The chronology of past ice-ages is also an aspect where creationists differ with geologic models based on radiometric ages of millions or hundreds of thousands of years. Some attempts have been made at framing at least the Cenozoic glaciation in a short-chronology model (Oard, 1990).
Independently of the dating and preferred interpretation of Paleozoic glacigenic-like deposits, both creationist and non-creationist geologists agree that the Mesozoic is a portion of the stratigraphic column with no indications of glacigenic features (Fig. 1) whereas the Cenozoic preserves convincing evidence of glacial activity. This stratigraphic distribution of glacial deposits is consistent with creationist models that associate Mesozoic deposits with the peak of the flood and consider Cenozoic deposits as mostly post-flood. Glacial activity would not be expected in an advanced stage of the flood, whereas a climate deterioration leading to glaciation could be triggered in the recovery phase subsequent to the flood and extending into the present.
The Cenozoic glaciation is thought to have been characterized by cyclic fluctuations that can be globally correlated (e.g., Zachos et al., 2001). These fluctuations between glacial and interglacial conditions have been explained as resulting from variations in orbital parameters of the Earth (e.g., Maslin et al., 1998; Huybers & Wunsch, 2005; Roe, 2006), happening over time scales of 100 ka (eccentricity), 40 ka (obliquity) and 20 ka (precession). These time ranges are problematic from a short-chronology perspective, and creationists have motivation to search for alternative processes that could account for this global cyclical signal within a much shorter time scale.

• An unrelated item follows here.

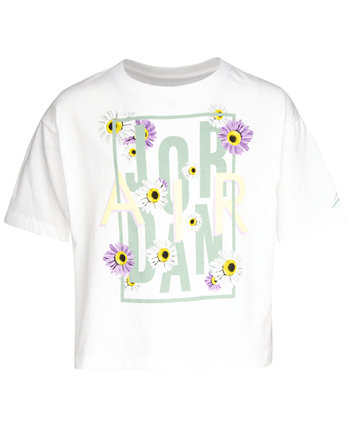 Детская футболка с короткими рукавами и воздушным цветком для больших девочек Jordan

In conclusion, careful study of modern glacigenic deposits and structures is important for the interpretation of past glacigenic-like deposits. At the same time, creationists approach evidence for glaciation in the geological record with an eye open to explore alternative interpretative hypotheses compatible with short-chronology models of the history of the Earth.
 The term “interglacial” is used to indicate a warm period with reduced ice caps between two cold periods with extensive ice cover.